There is a huge opportunity for generative AI in the world of translation, and a startup called Panjaya is taking the concept to the next level. It is a hyper-realistic generative AI-based video dubbing tool that recreates the original voice of a person speaking a new language. , the video and speaker's physical movements are automatically modified to naturally match the new audio pattern.
The startup, which has been operating in secrecy for the past three years, announced the first version of its product, BodyTalk, along with its first external funding of $9.5 million.
Panjaya is the brainchild of two deep learning specialists, Hirik Shani and Ariel Shalom. They have spent most of their professional lives quietly working on deep learning technology for the Israeli government, and currently serve as the startup's general manager and CTO, respectively. They hung up their G-man hats in 2021 with startup woes, and Guy Piekarz joined as CEO a year and a half ago.
Although Mr. Piekarz is not the founder of Panjaya, he is a prominent figure to bring into the company. Back in 2013, he sold his startup to Apple. The startup, called Matcha, was an early and buzzy player in streaming video discovery and recommendations, and was acquired in the early days of Apple's TV and streaming strategy when it was more talk than actual product. . Matcha was conceived in-house and sold for $10 million to $15 million per song, a modest sum given Apple's eventual pivot to streaming media.
Piekarz spent nearly a decade at Apple, building Apple TV and then its sports division.
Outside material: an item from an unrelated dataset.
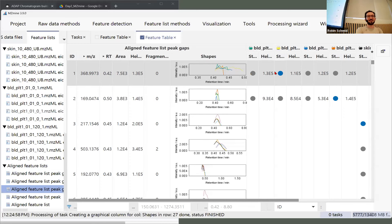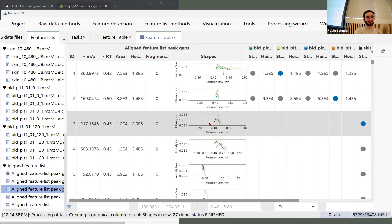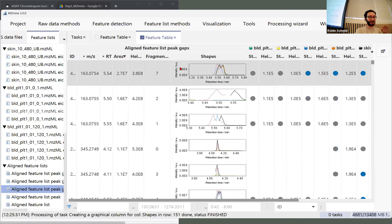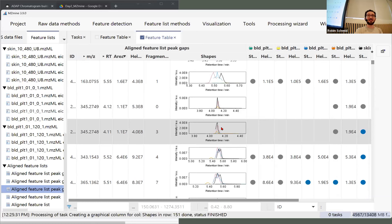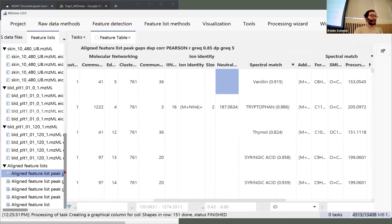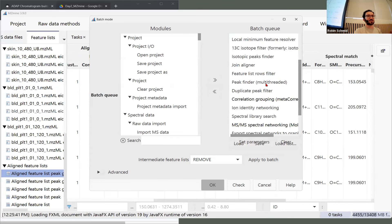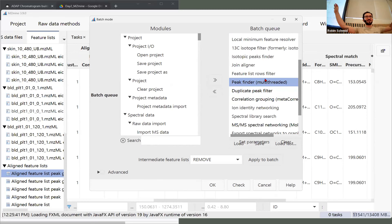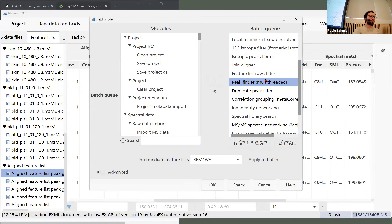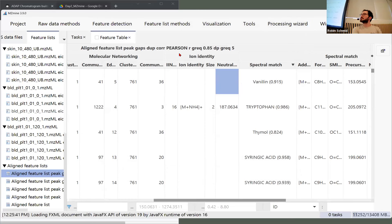If you open the gap-filled feature list, it might look more filled. You can add a 'feature state' column: blue means aligned — the initial feature that made this row — and gray means gap filled. For weird-shaped features, there's at least some intensity, and you may see very large peaks that were missing before. The duplicate peak filter then comes into play: after gap filling, the average m/z and retention time may converge for two duplicates — the duplicate filter removes that row. Then there's correlation grouping, which we'll look at in the network visualizer.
I was then introduced to Panjaya through one of my backers, Viola Ventures (others include R-Squared Ventures, JFrog co-founder and CEO Shlomi Ben Haim, Chris Rice, Guy Schory, and Ryan of Storm Ventures). Floyd, Riviera Partners' Ali Behnam) and Oded Vardi.
“By that time I had left Apple and was planning to do something completely different,” Piekarz said. “But I was blown away when I saw a demonstration of this technology, and the rest is history.”
BodyTalk is interesting in the way it simultaneously introduces several technologies into the frame that utilize different aspects of synthetic media.
Starting with voice-based translation, we can now provide translations in 29 languages. The translation is then read in a voice that mimics the original speaker and set to the original video version, changing the speaker's lips and other movements to match the new word or phrase. All these are automatically created on the video after the user uploads it to the platform. The platform also comes with a dashboard that includes further editing tools. Future plans include an API to move closer to real-time processing. (For now, Piekarz says BodyTalk is “near real-time,” meaning it takes several minutes to process the video.)
Piekarz said the company uses third-party large-scale language models and other tools: “We use the best when we have to.” “And we’re building unique AI models for which there really aren’t any solutions on the market.”
One example of this, he continued, is the company's lip-syncing. “Our entire lip sync engine was developed in-house by our AI research team, because we have yet to find anything that reaches that level and quality across multiple speakers, angles, and all the business use cases we want to support. Because there isn't.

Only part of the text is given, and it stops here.